Although SMAD4 mutation is not deemed as a tumor initiating event in most cases, loss or mutation of SMAD4 is thought to enhance tumor progression, for example, after KRAS mutational activation in pancreatic adenocarcinoma [42]. Researchers found that low expression of SMAD4 could promote A549 cell growth [46, 47], which indicated that the deletion of SMAD4 was associated with apoptosis by affecting the Bcl-2/Bax balance in NSCLC, thereby contributing to carcinogenesis. Kawaguchi et al. [48] showed that double or triple gene mutations in RAS, TP53, and SMAD4 are associated with a worse survival and earlier recurrence than the cases with mutations in only one or none of these genes after resection of colorectal liver metastases. Several previous studies have shown that SMAD4 depletion in a head and neck squamous cell carcinoma cell line induces cetuximab resistance and results in worse survival in an orthotopic mouse model in vivo [49]. Wasserman et al. [47] also suggested that SMAD4 loss correlates with worse clinical outcome and resistance to chemotherapy. In our study, we first analyzed the prognostic role of SMAD4 mutation and its association with other molecular parameters in a large Chinese NSCLC cohort. SMAD4 mutation or loss, as well as reduced expression, was associated with poor DFS and platinum-based chemotherapy resistance. Coexisting mutations in EGFR and SMAD4 genes conferred significantly worse OS and  PFS than single EGFR mutations. However, Ziemkea et al. [50] found that NSCLC with reduced SMAD4 expression is more sensitive to treatment regimens containing DNA topoisomerase inhibitors than those without. To detect more potential mechanisms of SMAD4 in NSCLC progression, we conducted GO analysis and GSEA in NSCLC cases from TCGA database and found that reduced SMAD4 expression might promote NSCLC progression by promoting proliferation and adhesion. We also found that the increased SMAD4 expression (vs. reduced expression) was associated with immune response. Indeed, SMAD4 participated in the expression of the anti-inflammatory cytokine, IL-10, in TH17 cells [51, 52]. A TGFβ–SKI–Smad4 pathway that critically and specifically directs resident CD103+ CD8+ T-cell generation for protective immunity against primary and secondary viral infection was revealed recently [53]. The correlations and mechanisms of SMAD4 and immune microenvironment warrant further investigation.

This study has several limitations. First, although our cohort of patients with NSCLC was large, the number of SMAD4-mutated cases was rather moderate.
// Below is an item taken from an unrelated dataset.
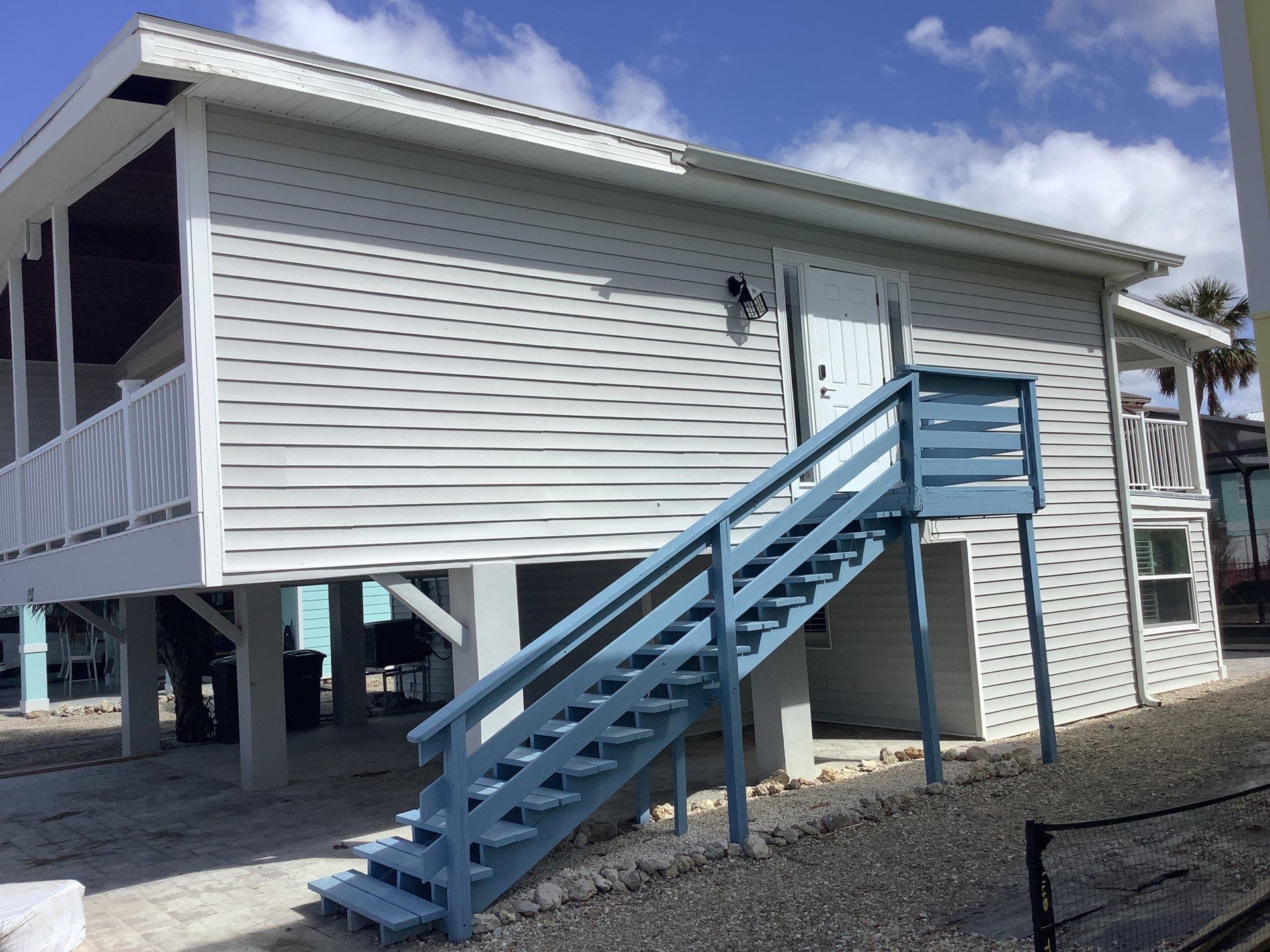 7-Inch Seamless Gutters in Fort Myers Beach FL by Gutter Professors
Second, the patients diagnosed with NSCLC undergoing surgical resection for the past 2 years were included in this study, and the follow-up time was limited. A long-term study is needed to confirm our findings. Third, our study was limited by the inherent issues of retrospective studies, including potential selection bias. This should be considered when generalizing our findings to other populations.

In conclusion, we found that SMAD4 alteration was associated with poor survival and resistance to platinum-based chemotherapy, suggesting that SMAD4 alteration might be a predictive marker or therapeutic target in these NSCLC. Further prospective studies are needed to evaluate these findings, and the clinical significance of SMAD4 alteration in NSCLC.